Task:
Only the lines of the listing below that run from the line with "goods store 123318721" through the line with "QANTAS BOEING 737 800 SYD RF MG_9596.jpg" are to be set down, word for word. Pictures stay out.

Record excerpts:
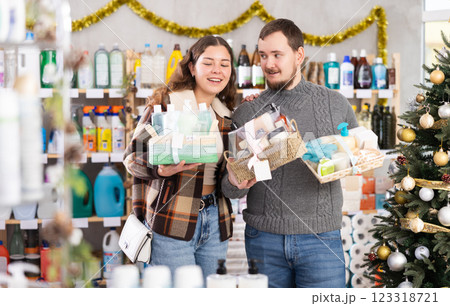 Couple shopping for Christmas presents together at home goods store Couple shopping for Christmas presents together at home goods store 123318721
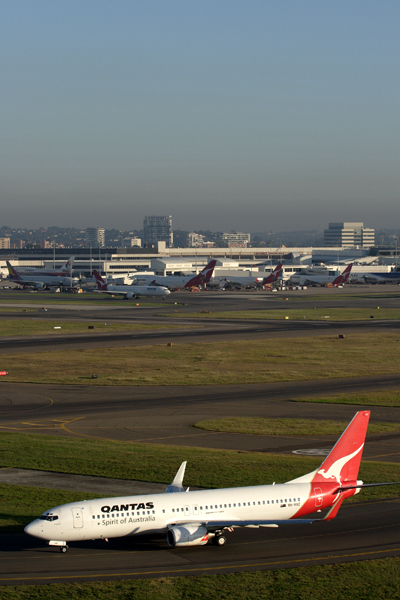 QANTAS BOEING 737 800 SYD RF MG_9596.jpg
--
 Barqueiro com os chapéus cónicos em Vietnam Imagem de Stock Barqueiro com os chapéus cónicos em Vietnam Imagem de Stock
* * *
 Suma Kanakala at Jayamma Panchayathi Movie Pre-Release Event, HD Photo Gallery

Output of the task:
 Couple shopping for Christmas presents together at home goods store Couple shopping for Christmas presents together at home goods store 123318721
 QANTAS BOEING 737 800 SYD RF MG_9596.jpg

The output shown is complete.